### WHAT TO WORK ON
Begin the reply with the line containing "K's House富士景觀" and end it with the final line of the listing, reproducing every line between exactly and adding nothing.

### DATASET ENTRIES
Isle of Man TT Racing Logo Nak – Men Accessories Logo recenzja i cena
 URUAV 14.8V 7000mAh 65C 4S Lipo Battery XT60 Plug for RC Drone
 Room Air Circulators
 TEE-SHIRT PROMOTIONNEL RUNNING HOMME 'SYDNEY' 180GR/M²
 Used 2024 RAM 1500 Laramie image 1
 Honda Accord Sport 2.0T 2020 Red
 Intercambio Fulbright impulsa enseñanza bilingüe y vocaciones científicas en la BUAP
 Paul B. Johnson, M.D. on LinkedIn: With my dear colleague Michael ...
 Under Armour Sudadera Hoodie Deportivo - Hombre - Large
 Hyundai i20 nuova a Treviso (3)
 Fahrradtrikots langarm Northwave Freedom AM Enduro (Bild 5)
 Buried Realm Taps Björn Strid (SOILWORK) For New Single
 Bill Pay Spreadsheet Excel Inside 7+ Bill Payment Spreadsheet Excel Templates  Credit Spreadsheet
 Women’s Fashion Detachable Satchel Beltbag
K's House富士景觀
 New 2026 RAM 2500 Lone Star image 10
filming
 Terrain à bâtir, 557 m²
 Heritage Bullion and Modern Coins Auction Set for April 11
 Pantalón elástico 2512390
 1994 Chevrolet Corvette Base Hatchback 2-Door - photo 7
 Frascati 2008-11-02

### RESULT
K's House富士景觀
 New 2026 RAM 2500 Lone Star image 10
filming
 Terrain à bâtir, 557 m²
 Heritage Bullion and Modern Coins Auction Set for April 11
 Pantalón elástico 2512390
 1994 Chevrolet Corvette Base Hatchback 2-Door - photo 7
 Frascati 2008-11-02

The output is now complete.